My purpose was quintessentially academic, so it seemed natural that
Northwestern University would host the site. I looked into this at
length, but the players responsible for assisting me were astoundingly
unhelpful, and after a year of occasional meetings and approvals, I still
did not actually have an university account with the permissions required
to run my CGI program. (The concern seemed to be that a CGI program
written by an amateur such as myself could be broken through to give
intruders access to the hosting system. This is a routine problem with
routine solutions, it turns out; at the time I did not know that for a
fact.)
[Tangential commentary: Northwestern was allegedly trying to battle its
way higher in the ranks of top universities, against great inertia in the
perceptions of those ranks. At a time when new technologies are changing
academia, they should rationally invest heavily in the hardware
infrastructure in the new technology and the human relations that give
them a chance to jump ahead. For FREE I'd have given them a
forward-thinking online project to point to. It was interesting that the
tiny costs of my project were taken seriously, but not the potential
benefits to Northwestern. Their support would have been useful.]
I gave up asking Northwestern for help, and explored some inexpensive
commercial providers, settling on hardlink.com, which seems to be fine.

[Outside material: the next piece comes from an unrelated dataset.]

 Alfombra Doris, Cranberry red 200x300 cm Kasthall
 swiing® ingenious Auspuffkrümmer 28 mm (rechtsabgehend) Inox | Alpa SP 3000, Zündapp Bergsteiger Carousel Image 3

I think that was in 1997. In 1998 I arranged for the domain name
econterms.com.
As July 2000, this site got around twenty hits a day, from all over the
world -- often from spiders and robots, which should tell me something but
I don't know what. It's a blast, and I expect the number of users to
increase as time passes, word gets out, and the site improves. And I hope
to coauthor with others other glossaries and improvements to the software
that supports them.
As of January 2002, I'm happy to be back at work on the project.
History of the magnitude of the content in this glossary:
10 Jan 03 1261 entries 677K
28 Jan 02 1214 entries 642K
20 Jul 00 1159 entries 549K now something like twenty hits a day
17 Apr 99 1036 entries 446K getting ten hits a day
08 Dec 98 994 entries 426K
15 Nov 98 971 entries 422K does not include proofs/derivations or graphs
01 Jul 98 958 entries 414K
18 Jan 98 864 entries 400K
20 Apr 97 723 entries 290K
25 Feb 97 627 entries 238K includes comments and Gauss code, not bibliography
27 Jan 97 561 entries includes lists of terms in fields
06 Jan 97 519 entries
25 Nov 96 495 entries 190K
15 Aug 96 315 entries 120K
(K means 1000 bytes not 1024 bytes in this list.)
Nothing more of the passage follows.